#### Your goal:
Only the pictures should be left out; write out all other data exactly.

#### Recorded information:
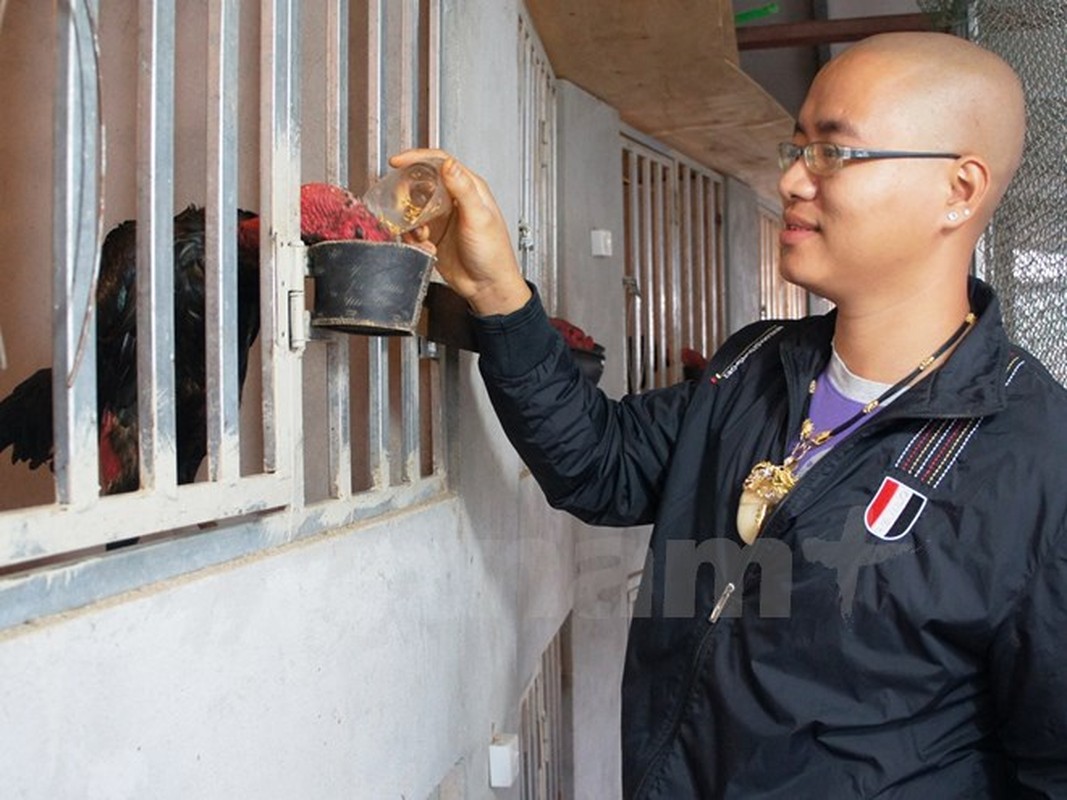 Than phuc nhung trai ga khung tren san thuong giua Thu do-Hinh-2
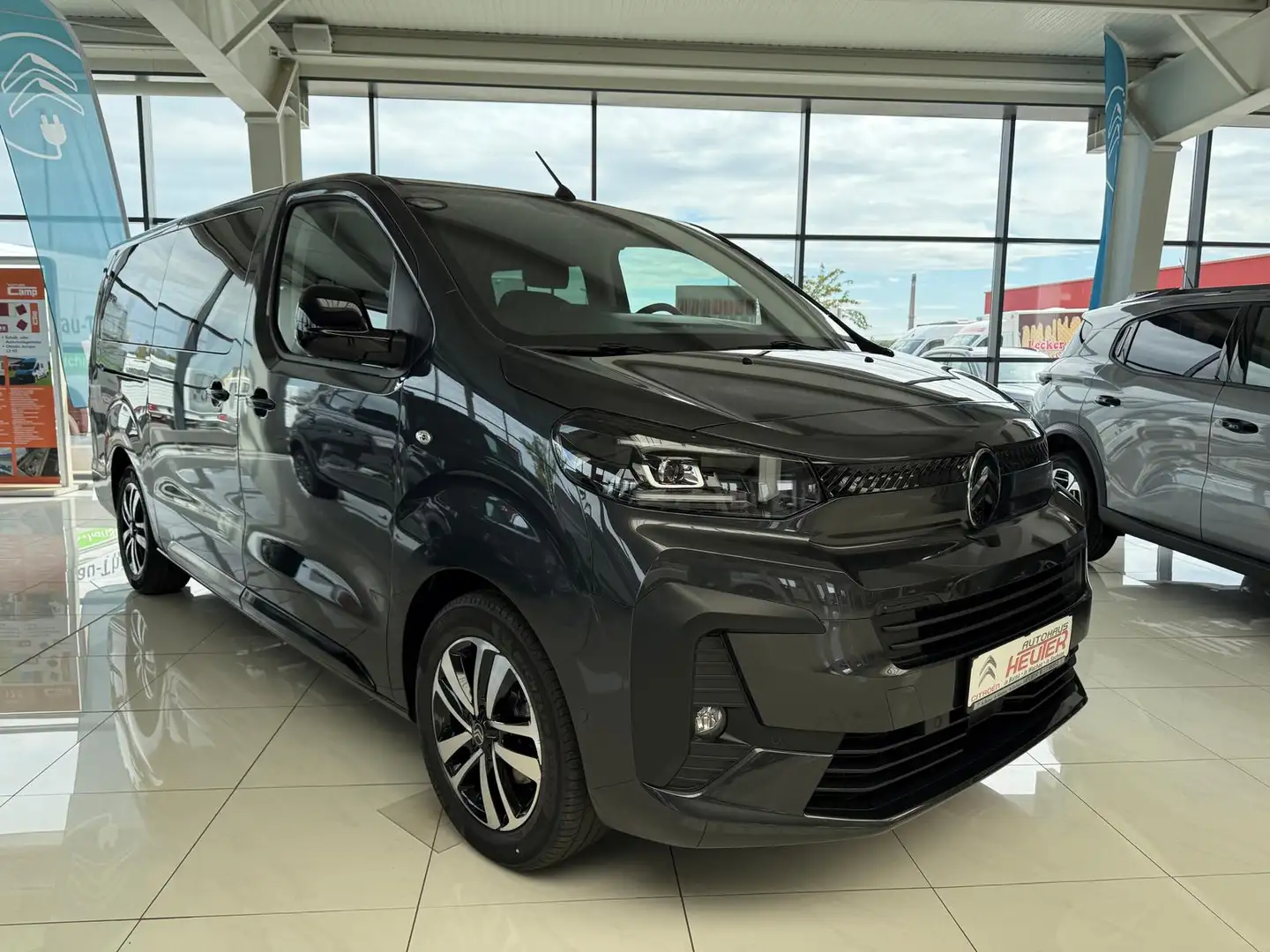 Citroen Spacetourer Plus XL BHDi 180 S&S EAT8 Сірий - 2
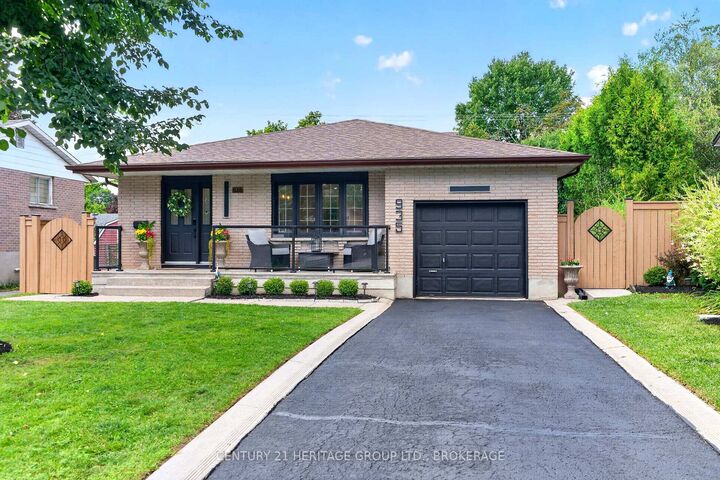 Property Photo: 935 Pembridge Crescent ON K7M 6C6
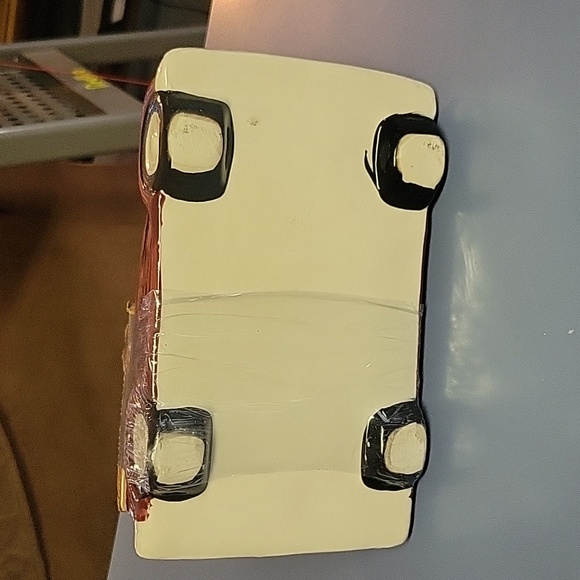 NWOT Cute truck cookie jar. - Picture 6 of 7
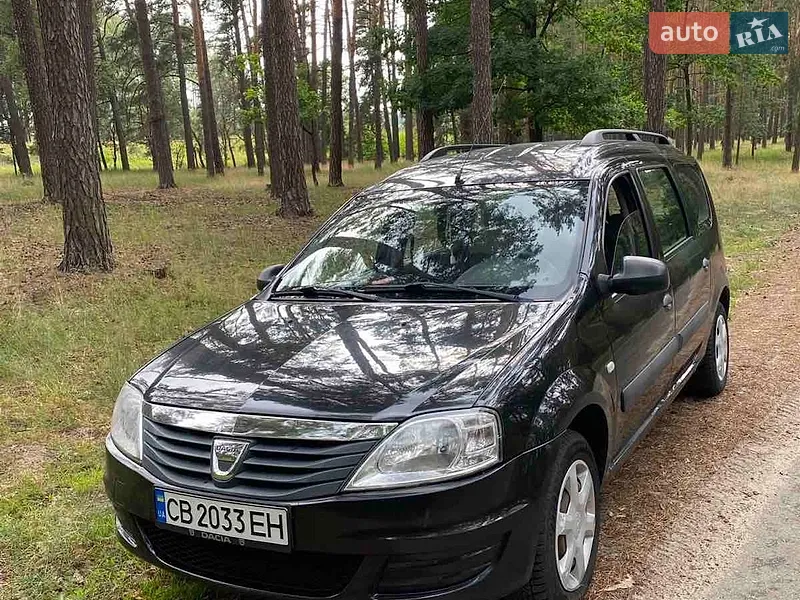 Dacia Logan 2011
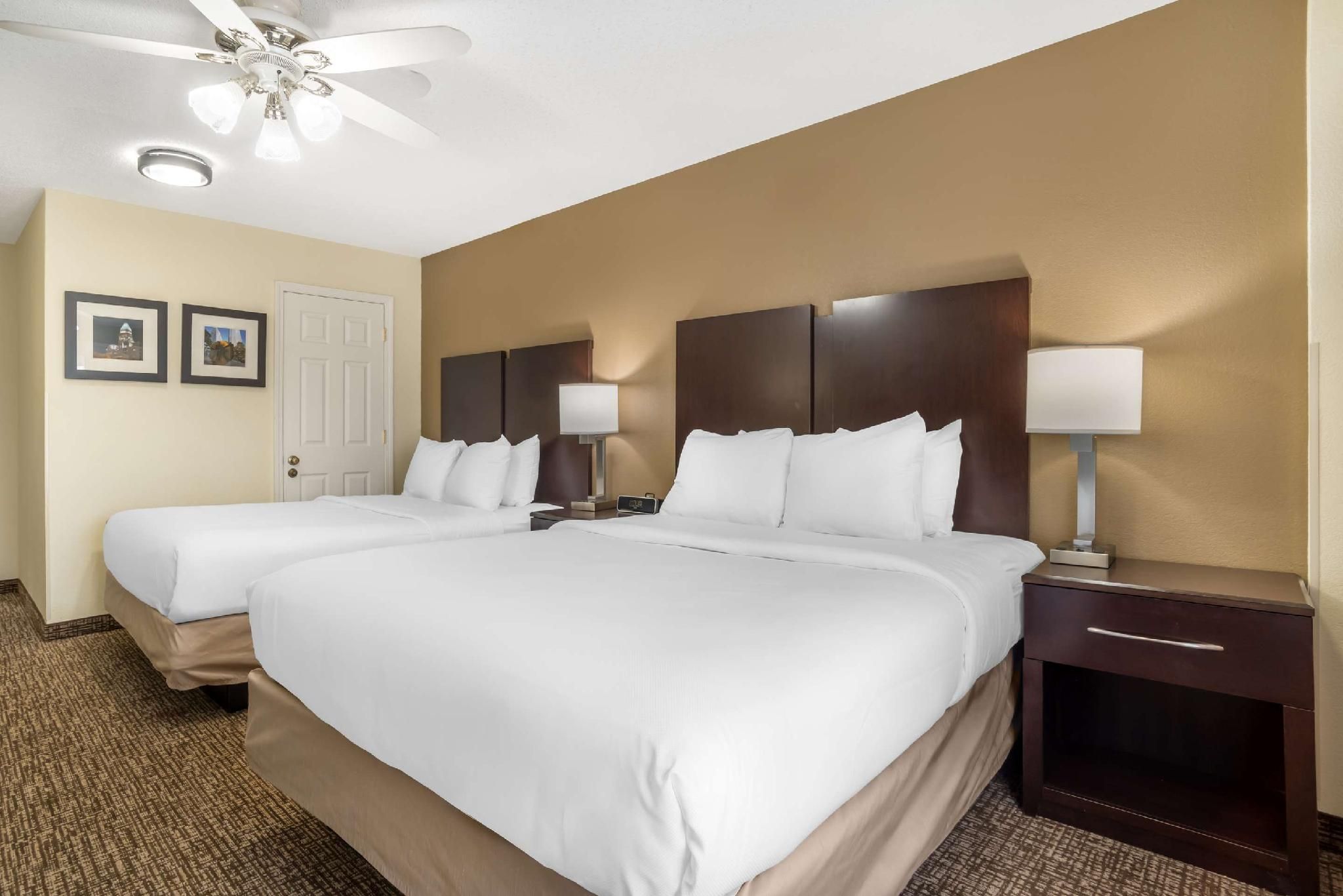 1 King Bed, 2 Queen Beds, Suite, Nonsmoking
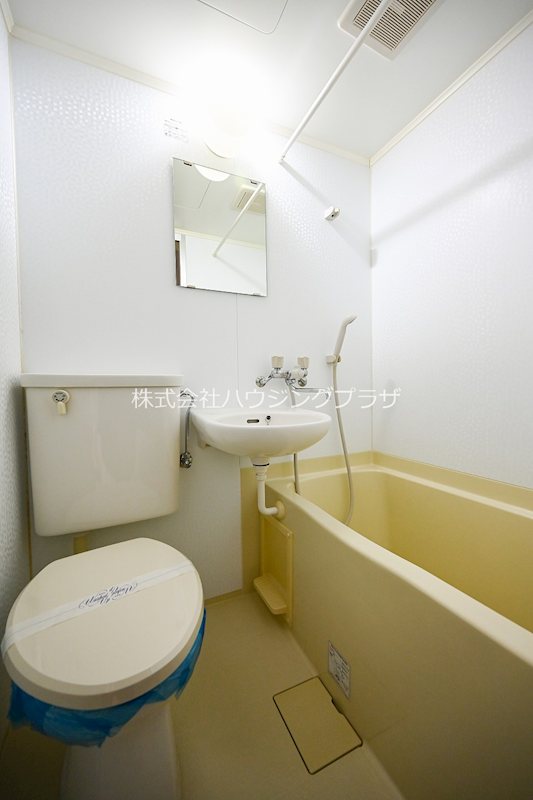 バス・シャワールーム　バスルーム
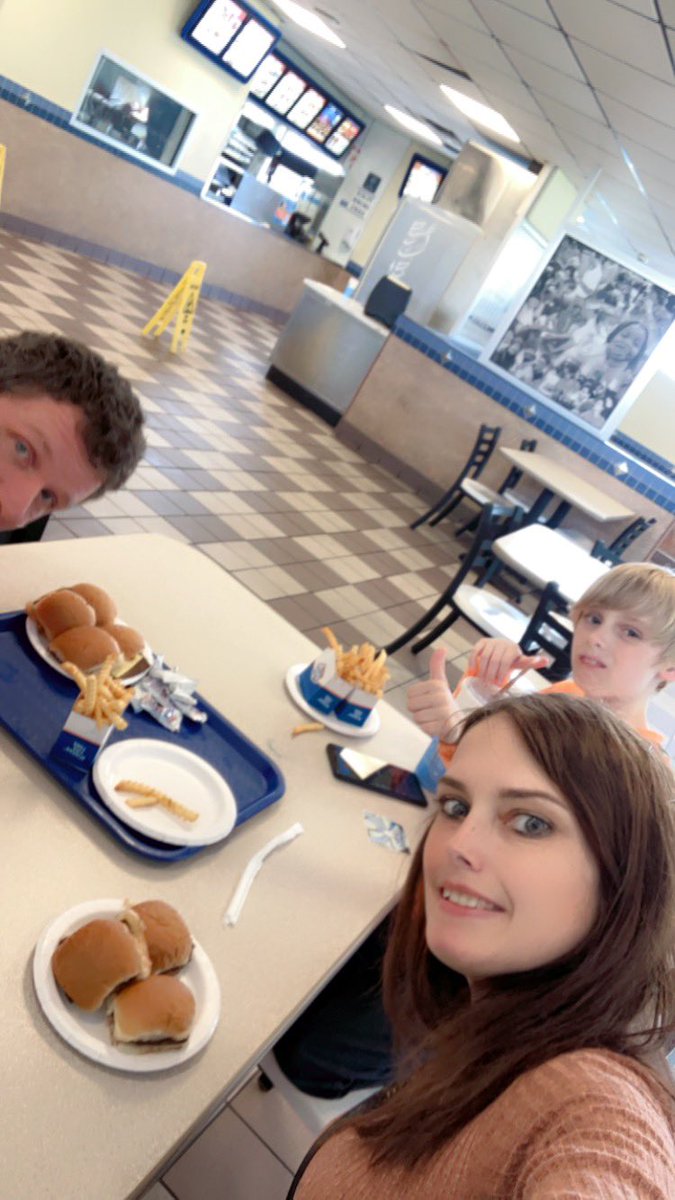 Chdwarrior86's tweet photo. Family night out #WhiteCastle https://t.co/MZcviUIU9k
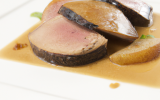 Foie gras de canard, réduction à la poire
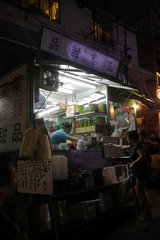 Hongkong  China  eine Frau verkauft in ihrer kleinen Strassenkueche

#### Finished exercise:
 Than phuc nhung trai ga khung tren san thuong giua Thu do-Hinh-2
 Citroen Spacetourer Plus XL BHDi 180 S&S EAT8 Сірий - 2
 Property Photo: 935 Pembridge Crescent ON K7M 6C6
 NWOT Cute truck cookie jar. - Picture 6 of 7
 Dacia Logan 2011
 1 King Bed, 2 Queen Beds, Suite, Nonsmoking
 バス・シャワールーム　バスルーム
 Chdwarrior86's tweet photo. Family night out #WhiteCastle https://t.co/MZcviUIU9k
 Foie gras de canard, réduction à la poire
 Hongkong  China  eine Frau verkauft in ihrer kleinen Strassenkueche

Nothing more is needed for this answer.